Efficiency and Conservation
Energy efficiency and energy conservation both save energy, but the terms aren't interchangeable. Energy efficiency refers to the practice of employing systems or devices that use less energy without a loss in service or comfort. A good example of upgrading a device or system is upgrading conventional incandescent lighting to light-emitting diode (LED) lighting. LEDs use up to 75 percent less energy with no loss of service.
Energy conservation practices save energy, but a loss of service or comfort is experienced. An example of practicing energy conservation is limiting bathing time to use less hot water when you would rather take longer showers or baths. For the most effective energy-saving program, energy conservation is best used in conjunction with home efficiency upgrades. In this way, you're able to maximize the benefit of employing high-efficiency devices and systems.
Heating and Cooling Tips
Heating and cooling the average home accounts for about half of the energy budget. New higher-efficiency HVAC systems, such as an Energy Star certified ductless system or furnace, can help reduce the heating and cooling budget by operating more efficiently.
Two of the most important tasks that can reduce heating and cooling costs are replacing the air filter regularly and scheduling preventive maintenance with an HVAC professional. HVAC systems will not only perform better for less energy, but they will also last longer with fewer malfunctions.
If you're using a disposable fiberglass filter, consider replacing it for a higher-efficiency type. Your home's HVAC system will be better protected and you’ll enjoy better indoor air quality.
Lighting expenses may reach 12 percent in the average home. Considering that light emitting diodes (LEDs) and compact fluorescent lamps (CFLs) can reduce the light bill by up to 75 percent, you can easily shave a few percentage points by making the switch. LEDs and CFLs are more expensive than traditional incandescent lighting, but they last 10 to 25 times longer than incandescent.
You may add conservation efforts by installing simple lighting devices, such as dimming switches, timers and motion detectors. In this way, you can reduce lighting for maximum savings and enjoy the convenience of motion-detection lighting and timers.
Water Heating Tips
The water heating system offers many places to conserve energy and employ efficiency upgrades. You may already practice energy conservation by limiting hot water use. You can take full advantage of conserving hot water by using low-flow shower heads and aerators. Try using the energy-saving setting on the dishwasher and clothes washer.

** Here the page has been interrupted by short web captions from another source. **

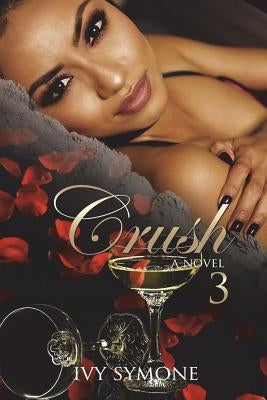 Crush 3 by Symone, Ivy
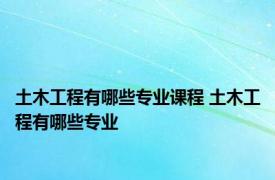 土木工程有哪些专业课程 土木工程有哪些专业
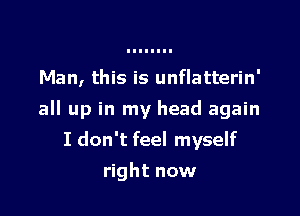 Man, this is unflatterin'

all up in my head again

I don't feel myself
right now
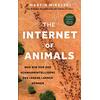THE INTERNET OF ANIMALS - MARTIN WIKELSKI
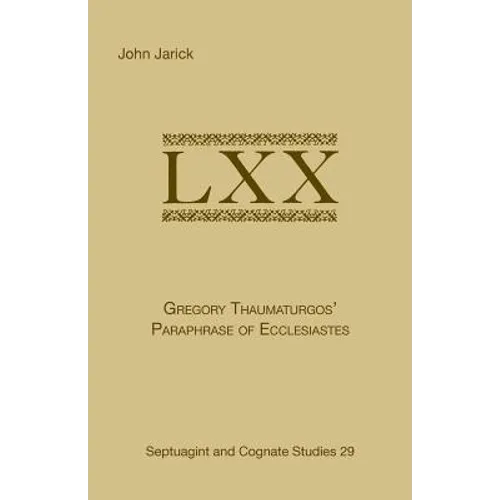 Gregory Thaumaturgo's Paraphrase of Ecclesiastes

Using a thermometer, check the temperature of hot water at a faucet. If it's higher than 120 degrees, lower the thermostat on the water heater accordingly. In conjunction, make sure all hot water pipes, including the inlet/outlet storage tank pipes, are wrapped with insulation. This increases temperature and reduces the wait time at the faucet and shower for hot water.
Home Envelope Tips
An energy audit performed by your HVAC professional is an effective way to determine where your home is losing energy dollars. You may also perform a basic assessment of attic insulation and air leaks. Using an incense stick or smoke pencil, look for air leaks at the usual places, such as around windows and doors, as well as electrical wall plates, piping and cables. If the smoke wavers, you've found a leak.
Air leaks may be sealed with caulk, expanding spray-in foam and weatherstripping. There are many different materials, colors and types available. Check the packaging for proper usage.
Check the insulation in the attic. Damp or moldy insulation should be discarded. Depending on the region of the U.S. you reside, attic insulation is recommended to be R38-R60. If your attic needs more insulation, you may wish to consult with an HVAC professional for best results. After all, air sealing and insulation efficiency upgrades are good for many years if performed correctly.